The DOL's Retirement Security rule, which spells out who is considered a fiduciary under the Employee Retirement Income Security Act, expands the definition to include professionals giving one-off advice.
Industry lawyers say that could include some sales staff at asset managers . Sales pitches, explicitly, don't count. But anything that goes further may. A recommendation with a call to action is deemed fiduciary advice, so sales professionals may have to choose their words carefully.
"Your definition of salesmanship would be very different from the Department of Labor's," said Steven Rabitz, a partner at Dechert.
Open to debate is whether a menu of investment options counts and whether a pension investment committee counts as a "fiduciary."
The FTC's recent ban on non-compete agreements may also have serious implications for asset management firms, particularly shops with "distinctive strategies."
Industry recruiters and compensation consultants said asset managers may shy away from lift-outs or from hiring talent to develop new strategies. That's because if those parties were to pick up and leave, only to mimic the formula elsewhere, companies would be powerless to sue.
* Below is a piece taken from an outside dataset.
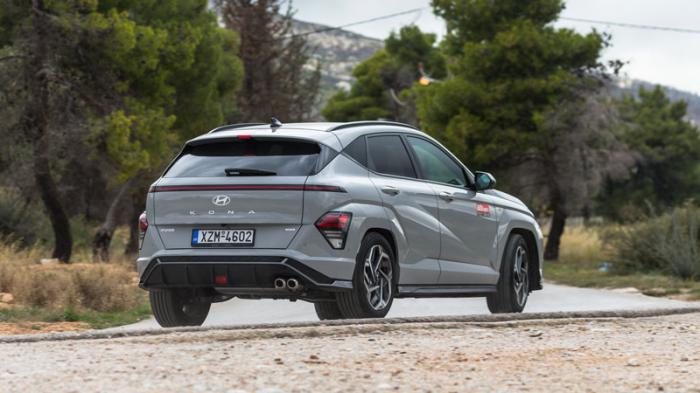 Hyundai Kona Hybrid: Τι βαθμό παίρνει σε κατανάλωση, χώρους, επιδόσεις και εγγυήσεις;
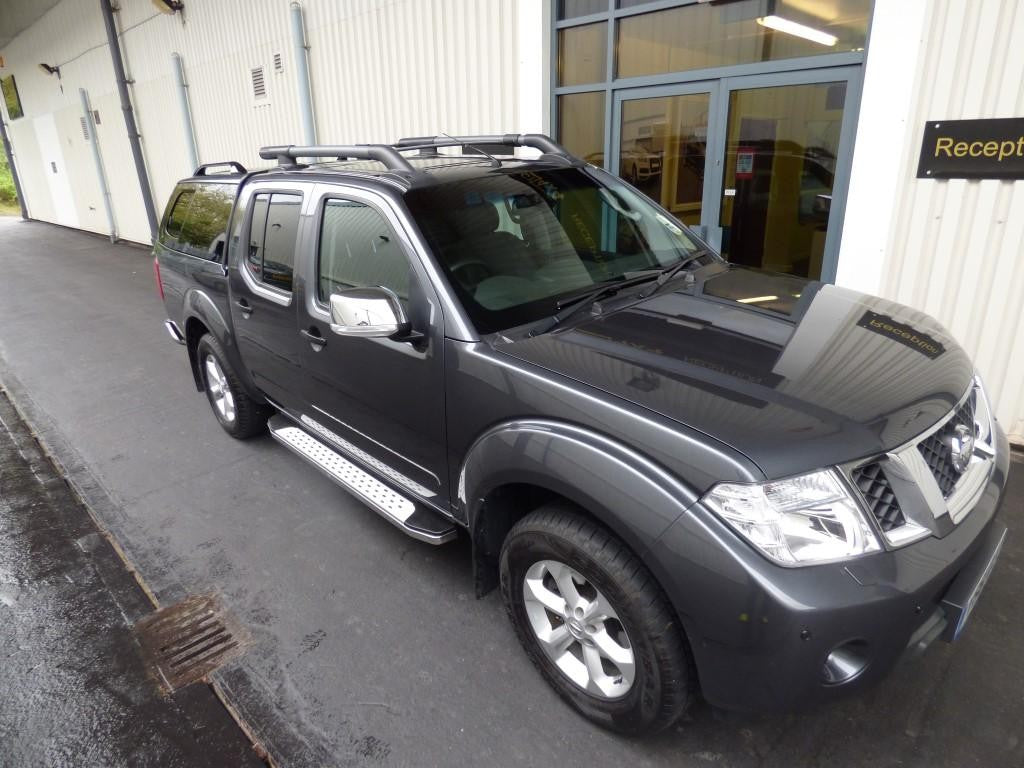 Nissan Navara D40 Double Cab Bj. 06-15 Trittbretter "Freedom" - Direct 4x4 Autozubehör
"I'm going to pay you to develop this product and you go compete with me tomorrow?" said Alan Johnson, a managing partner at compensation consultancy Johnson Associates. Protecting against that would take "elaborate" non-disclosure and non-solicitation agreements. Even those could be painted as de facto non-competes.
"I can't even really tie you down," said Johnson.
Firms may also make deferred comp a bigger part of incentive packages – making it harder to recruit talent, said Ian Levin, a partner at Schulte Roth & Zabel.